[DIRECTIONS]
Each line from the one with "Anti-ACE2/ACEH Antibody (3P140)" through the last line below must be written out exactly. Do not copy pictures.

[DATASET EXCERPTS]
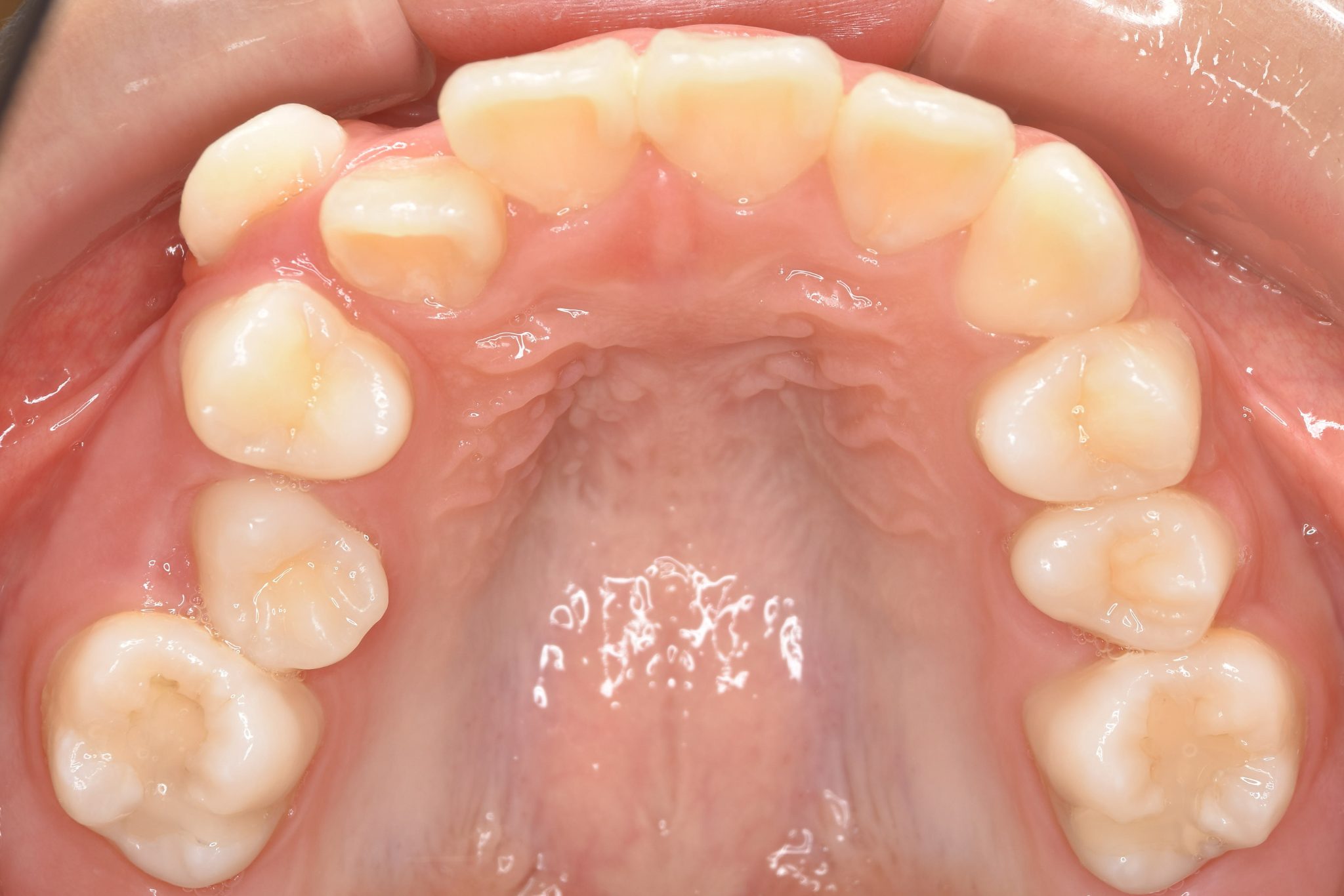 全顎ワイヤー矯正　症例_1324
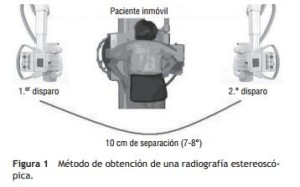 Radiografía estereoscópica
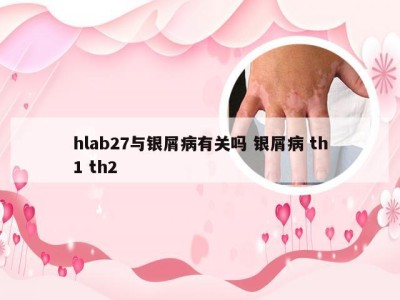 hlab27与银屑病有关吗 银屑病 th1 th2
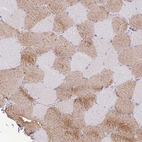 Immunohistochemical staining of human skeletal muscle shows high expression.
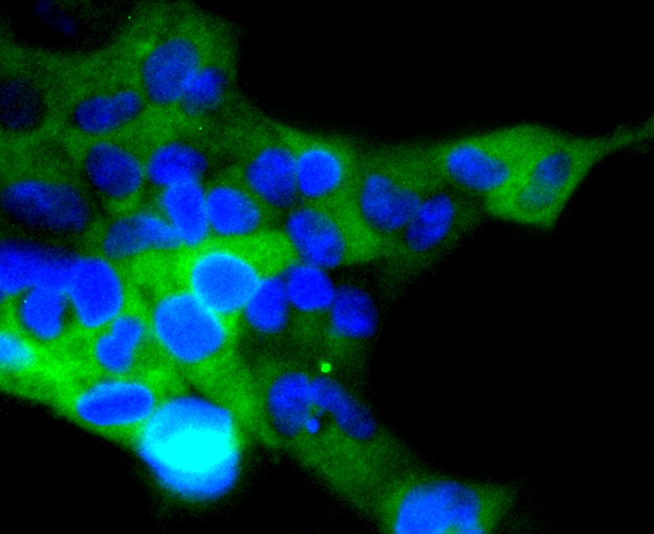 Anti-ACE2/ACEH Antibody (3P140)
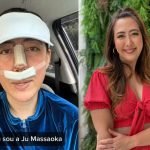 PMMA no rosto: saiba como identificar material após rinoplastia — Foto: 1 de 1 P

[PROBLEM SOLUTION]
 Anti-ACE2/ACEH Antibody (3P140)
 PMMA no rosto: saiba como identificar material após rinoplastia — Foto: 1 de 1 P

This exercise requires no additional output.